California became the first state to impose basic requirements for pet insurance Tuesday under a new law signed by Gov. Jerry Brown.
AB 2056 requires pet insurers to disclose basic information about their policies like reimbursement benefits and pre-existing condition restrictions. It also forces insurance companies to give customers a 30-day “free look” period, during which they can return their policy for a full refund.
The pet insurers – who will be part of a $750 million industry by 2015 – must offer a clear explanation of coverage limits such as coinsurance, waiting periods and deductibles.
The California Department of Insurance, a supporter of the law, says the changes address a growing number of complaints they have fielded about the industry. Policyholders have told the CDI they need help paying for sick or injured pets because they learned too late that their policy’s exclusions outweigh the benefits.
For example, CDI officials cite the experience of California resident Gary Lucks, who bought pet insurance after reading marketing materials advertising a 90 percent reimbursement rate. In reality, his insurer only covered 90 percent of the plan’s benefit schedule allowance.
When his dog was diagnosed and treated for cancer, Lucks was only reimbursed one third of the cost.
The CDI says AB 2056 will help pet owners like Lucks make better decisions by understanding what they are getting for their money.

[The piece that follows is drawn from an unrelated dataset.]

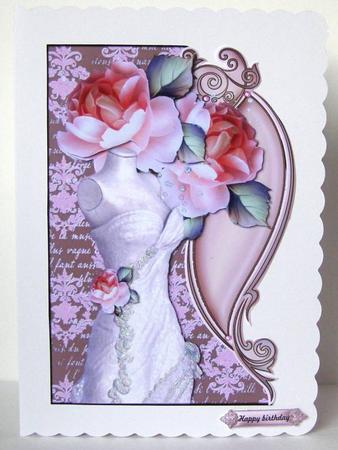 Over the Edge Dress and Roses by Margaret McCartney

“In the state with the largest number of insured pets, once again California is leading the way by becoming the first state in the nation to enact a law that adds consumer protections to this rapidly growing line of insurance,” said Insurance Commissioner Dave Jones.
A similar measure crossed former Gov. Arnold Schwarzenegger’s desk during his tenure, but he vetoed it. In July, the latest version passed the state Assembly with a unanimous vote.
Only about 1 percent of pet owners in the U.S. hold insurance policies, and Americans spend more than $15 billion every year on veterinary care, the CDI reports.